Often arranged within friend groups and sporting circles, the most popular kind is the office Julefrokost, where the feasting often starts just after lunch and continues all day.
Typical starters include pickled herrings, gravadlax and breaded fish fillets served with mayonnaise, prawns and eggs – all served on rye bread.
For the main, flæskesteg (roast pork and crackling) with red cabbage is the most common option, and for dessert the aforementioned risengrød, which can be jazzed up into a ris a l’amande.
All of this is washed down by julebryg, the Christmas beer traditionally launched on J Dag on the first Friday of November that is much stronger than your average beer, and the constant downing of schnapps – it’s rude to turn down a toast, after all!
Aalborg Akvavit’s limited Jule edition bottles are individually numbered and changed in design every year. Collectors around the world try and secure one of each design – although the contents are just as appealing as the bottle itself.
And don’t forget Pakkeleg, the dice game that never gets old. Everyone reveals a wrapped present, and then participants take turns in rolling a dice. A six wins you a present, but once all of them are claimed, the rules permit another five minutes during which you are allowed to pick any you should desire. It’s basically an excuse to be horrid for a while!
The TV marathon
Kids, meanwhile, are kept entertained by the Julekalender TV show. The first, ‘Historier fra Hele Verden’ (stories from around the world), was broadcast by DR in 1962. Sweden had launched a similar show in 1960.
Audiences started to catch on in 1967 with ‘Kender du Decembervej?’ and its hugely popular central character, a happy mouse called Magnus Tagmus, who returned in a sequel the following year. By 1971, the program was in colour and pencilled into the nation’s must-watch schedule. The first complementary advent calendar came out in 1977.
Since 1990, DR and TV2 have been taking it in turns to produce a new one – the same year the latter released the first one aimed at adults. Every year, up to ten repeats are shown.
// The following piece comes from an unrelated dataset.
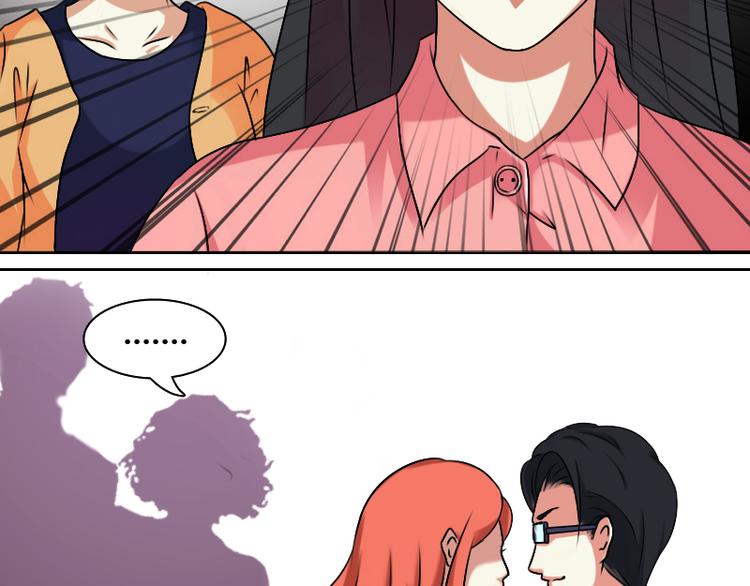 第3话 渣男（上）-第5话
The most popular character is probably Pyrus, who first made an appearance in 1994 and has even had his own feature film. But his popularity has never taken off beyond Scandinavia. In contrast, the 2003 edition ‘Jesus & Josefine’ ended up being shown in 20 different countries.
The big day itself
After such a huge build-up, you’d imagine Danes would want a quiet Christmas, but no. Christmas itself is a multi-day affair.
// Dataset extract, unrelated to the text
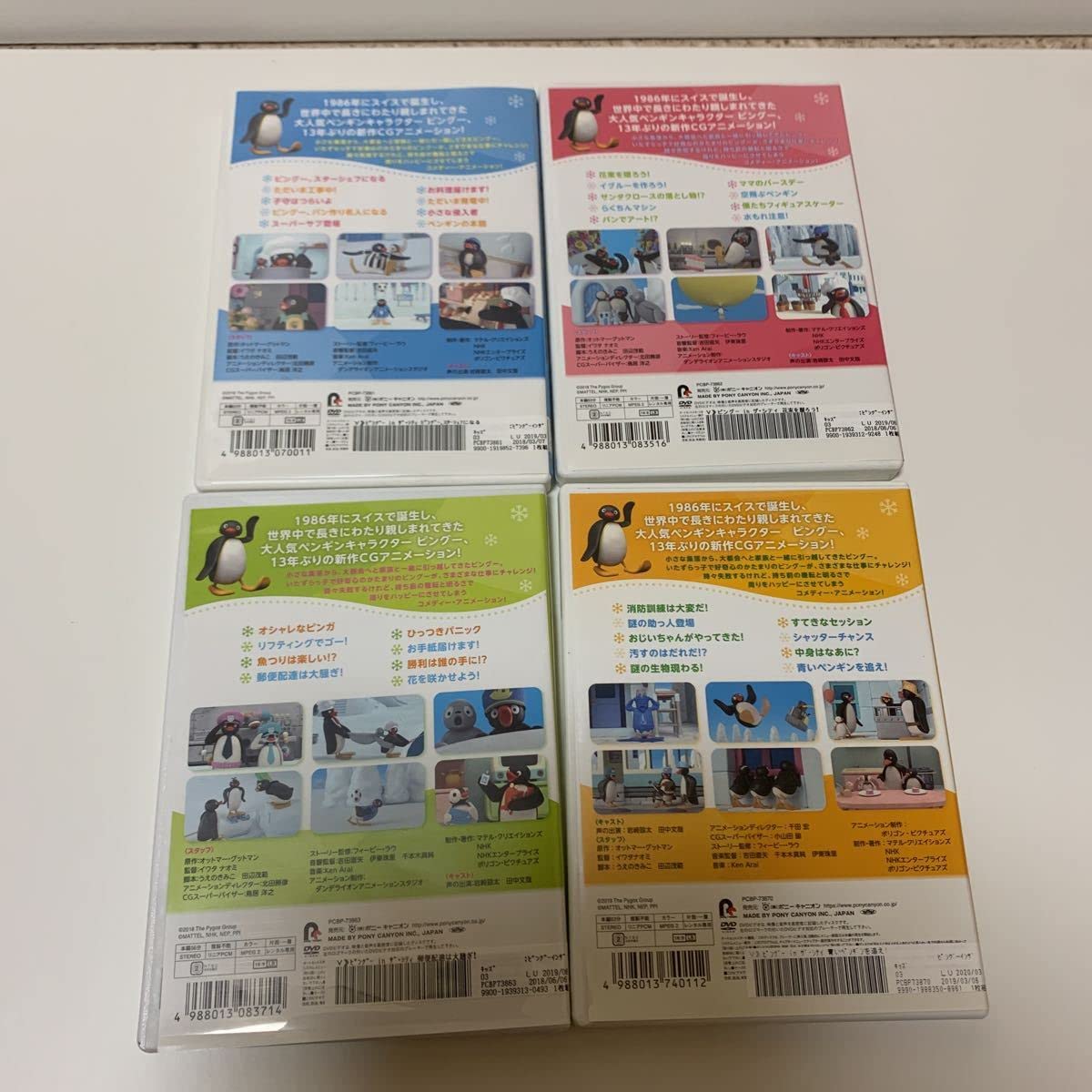 ハグヒーリング　DVD セット メンズエステ教材。ハグヒーリングDVD 3枚セット - メルカリ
And then Christmas Eve starts with a trip to church, often followed by a fulsome walk to work up an appetite for the feasting ahead.
Upon their return, the family finishes decorating the tree and settles down to watch the Christmas Disney show and various TV julekalenders, while the designated chefs do their magic.
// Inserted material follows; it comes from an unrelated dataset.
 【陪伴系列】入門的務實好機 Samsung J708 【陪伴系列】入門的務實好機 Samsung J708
Traditionally on Christmas Eve, roast duck, pork or goose takes centre stage and is served with caramelised potatoes, braised red cabbage and a variety of pickled side dishes.
This is followed by ris a l’amande – a mix of sweet rice pudding, whipped cream and crushed almonds. It’s often served with a sauce made from winter berries, sometimes collected by children whilst out walking. A whole almond is hidden in the pudding, and the person who finds it wins the mandelgave – a gift purchased for the occasion.
Following the Christmas dinner, everyone holds hands and dances around the tree singing traditional songs.
The 25th and 26th are quiet days spent at home with more food, friends and family, recovering from the excesses of the previous days and looking forward to the party starting again at New Year.